:: What you are asked to do ::
Make an exact copy of the entries below, with all images left out.

:: Task input ::
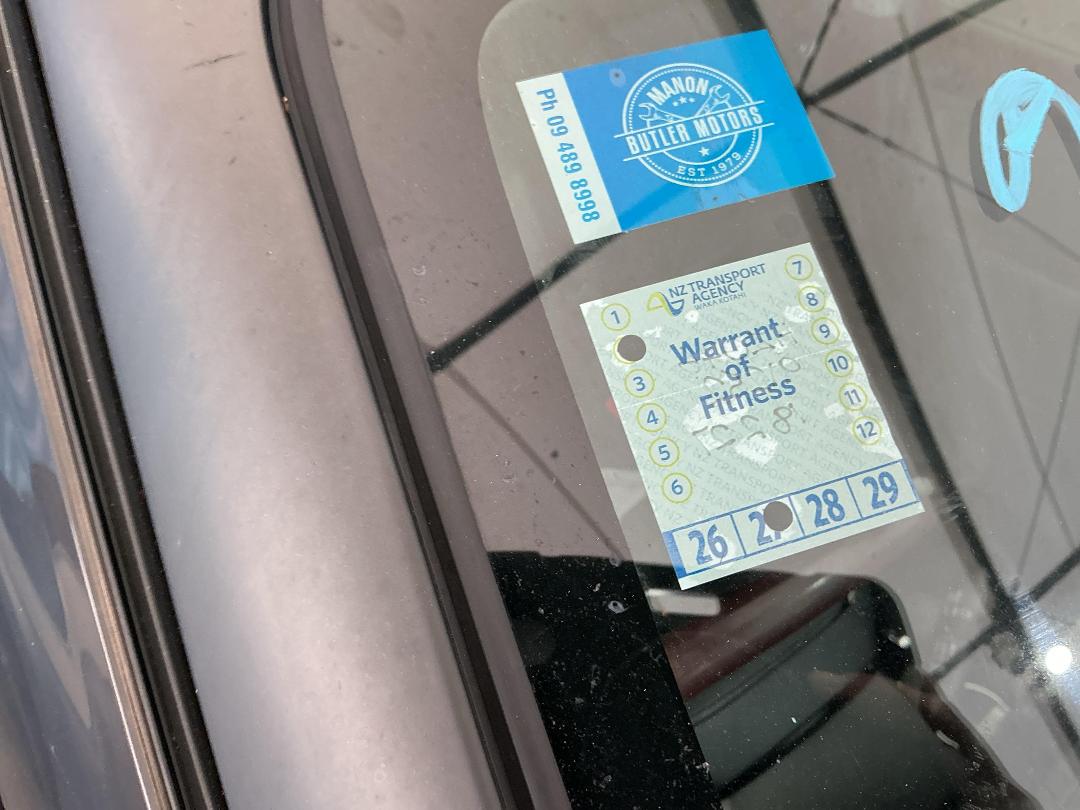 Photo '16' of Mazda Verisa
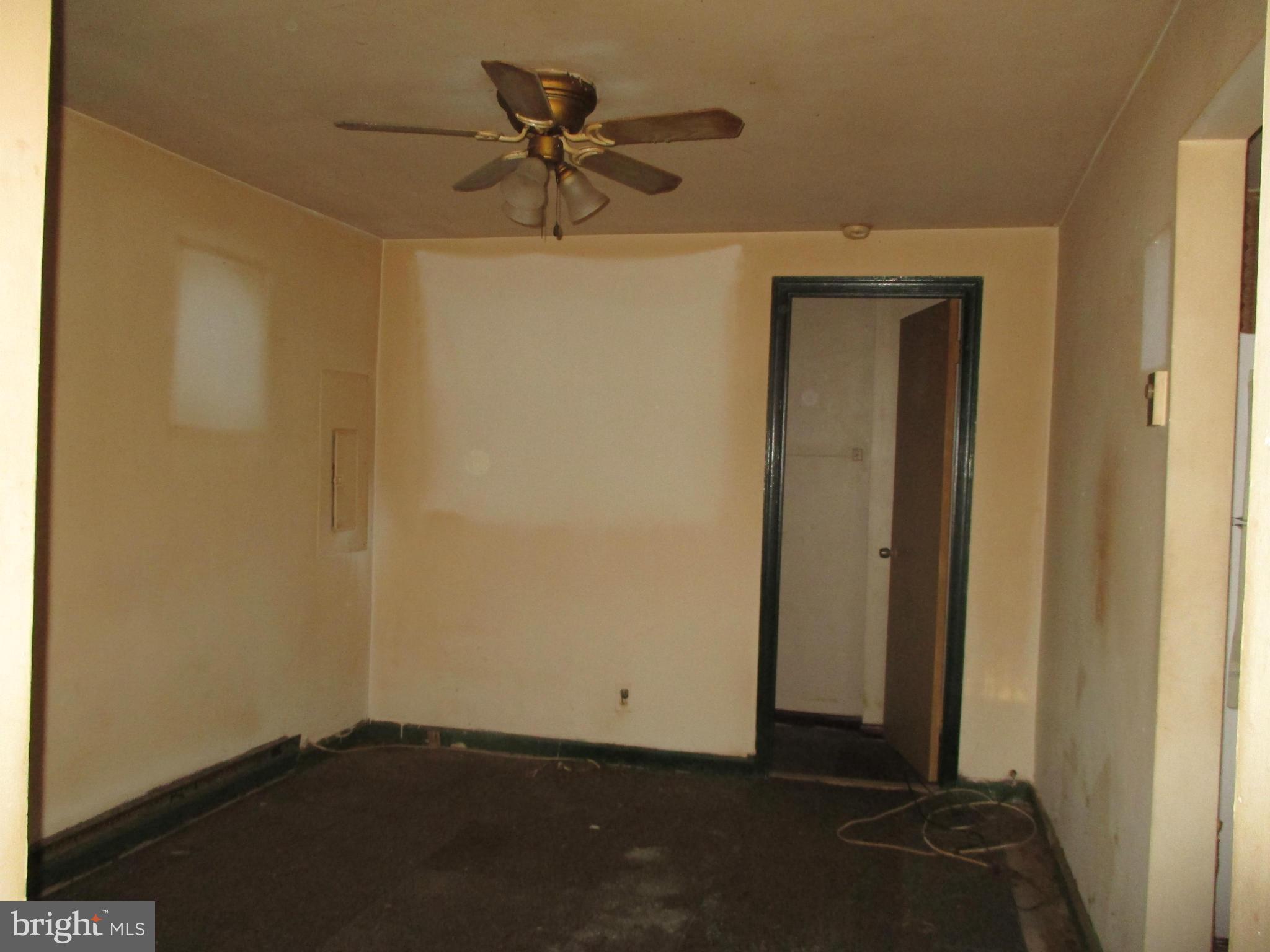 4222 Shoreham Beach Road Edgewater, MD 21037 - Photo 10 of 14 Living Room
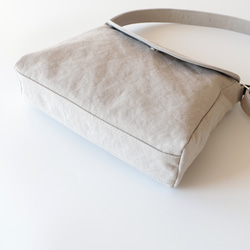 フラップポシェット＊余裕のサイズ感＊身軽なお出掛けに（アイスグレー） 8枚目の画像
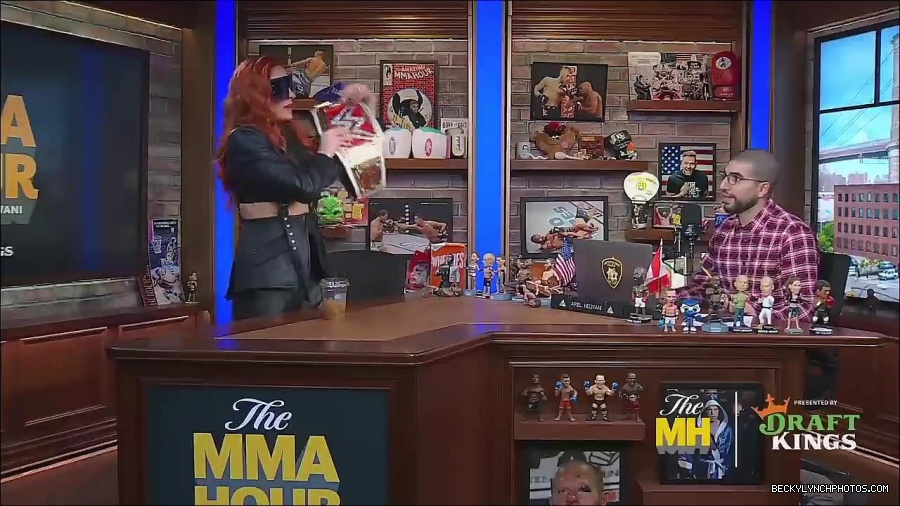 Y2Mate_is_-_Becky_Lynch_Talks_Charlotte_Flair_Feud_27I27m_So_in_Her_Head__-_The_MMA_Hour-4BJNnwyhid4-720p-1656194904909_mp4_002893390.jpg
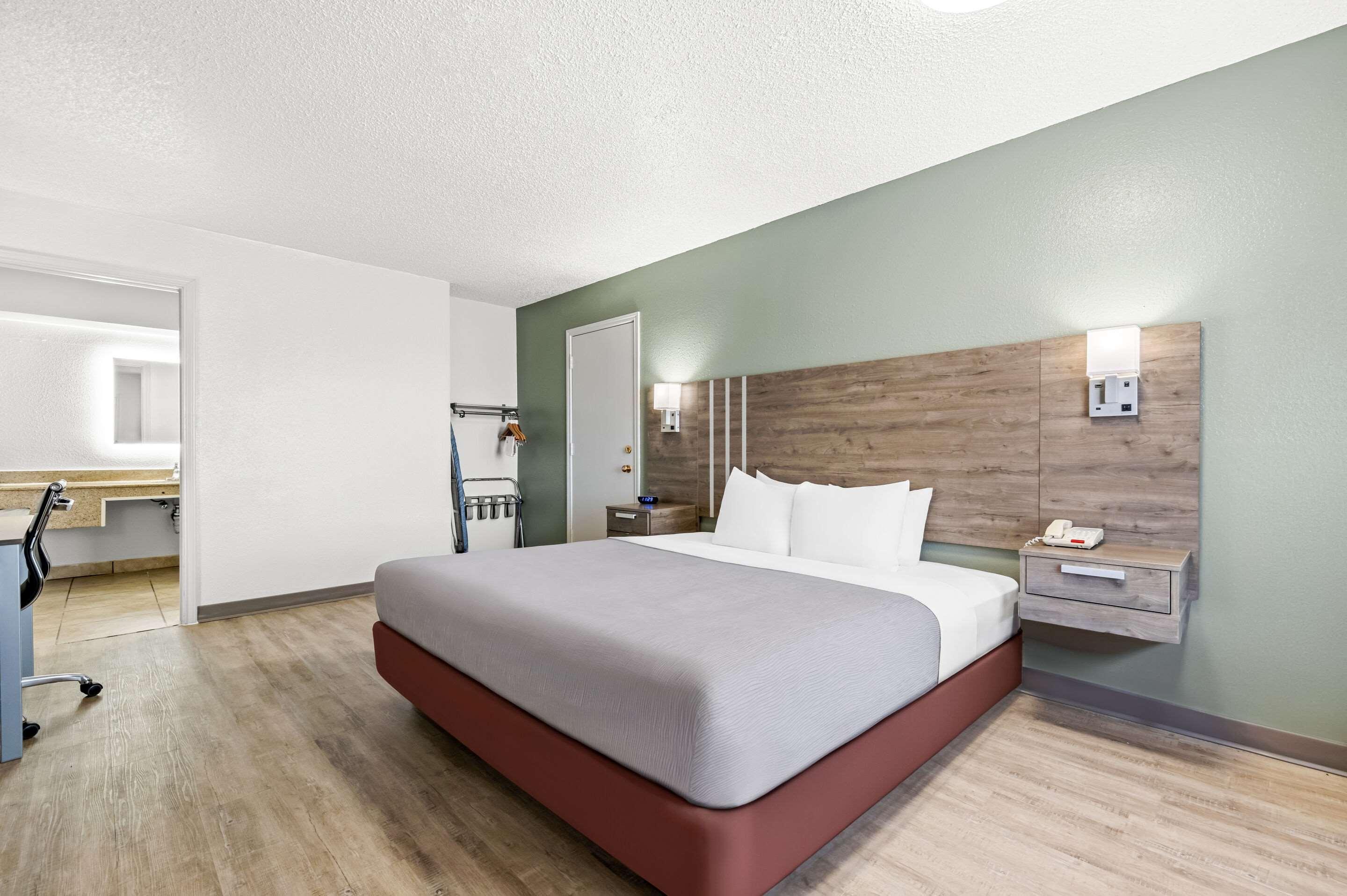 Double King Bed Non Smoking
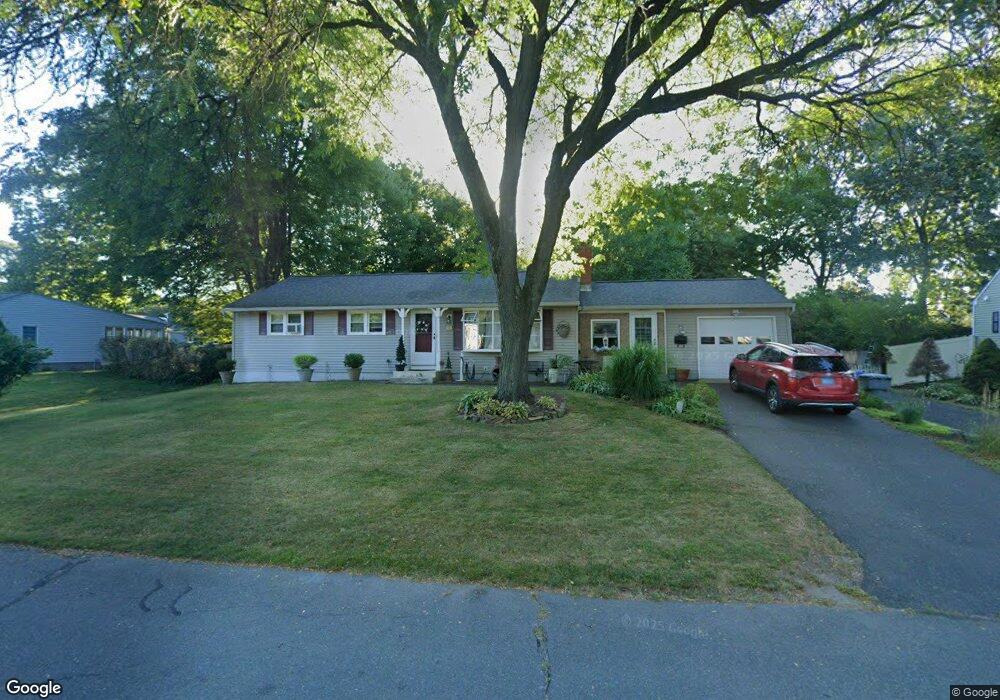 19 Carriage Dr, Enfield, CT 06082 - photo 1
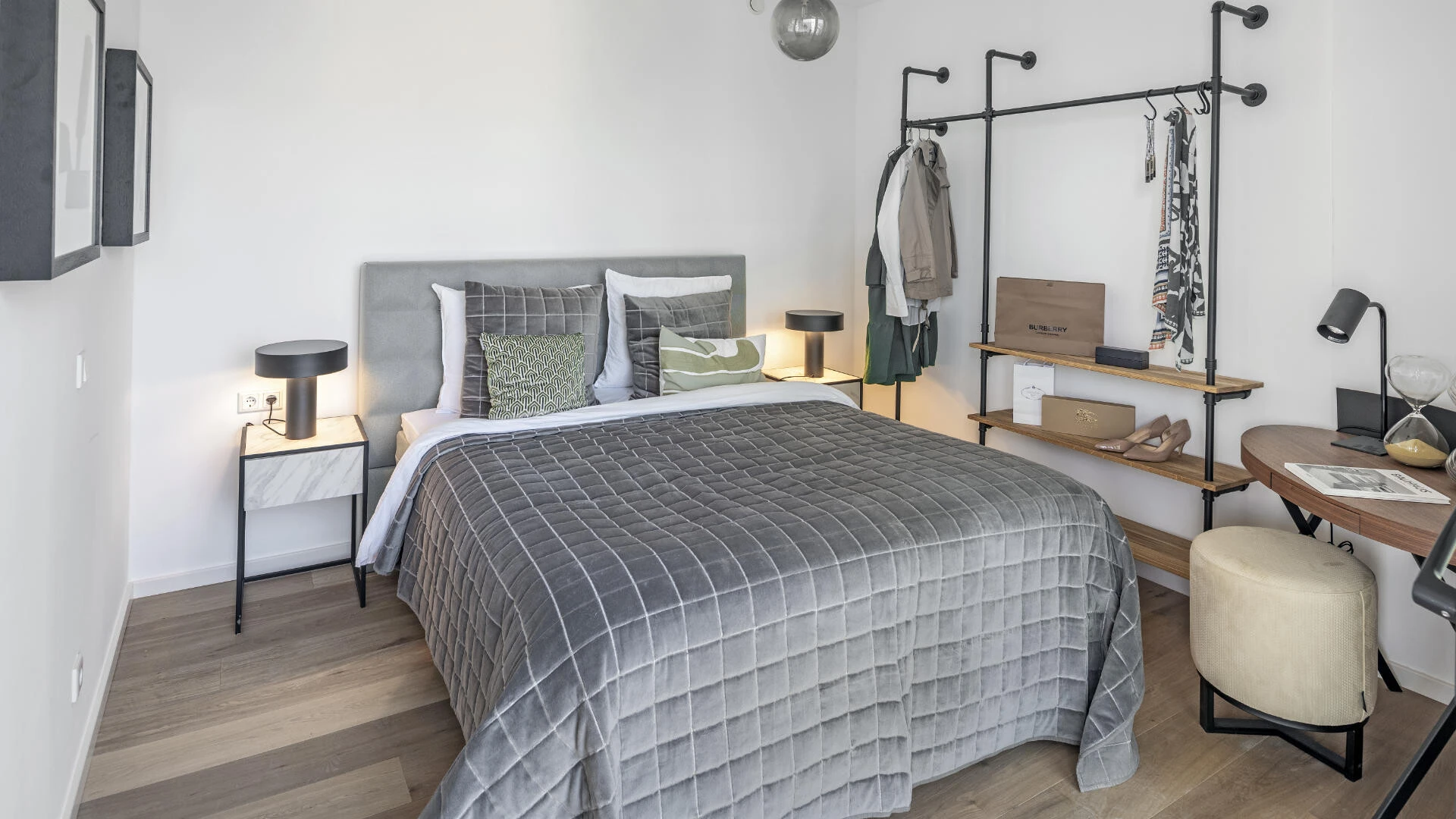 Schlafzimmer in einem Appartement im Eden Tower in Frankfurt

:: Final answer ::
 Photo '16' of Mazda Verisa
 4222 Shoreham Beach Road Edgewater, MD 21037 - Photo 10 of 14 Living Room
 フラップポシェット＊余裕のサイズ感＊身軽なお出掛けに（アイスグレー） 8枚目の画像
 Y2Mate_is_-_Becky_Lynch_Talks_Charlotte_Flair_Feud_27I27m_So_in_Her_Head__-_The_MMA_Hour-4BJNnwyhid4-720p-1656194904909_mp4_002893390.jpg
 Double King Bed Non Smoking
 19 Carriage Dr, Enfield, CT 06082 - photo 1
 Schlafzimmer in einem Appartement im Eden Tower in Frankfurt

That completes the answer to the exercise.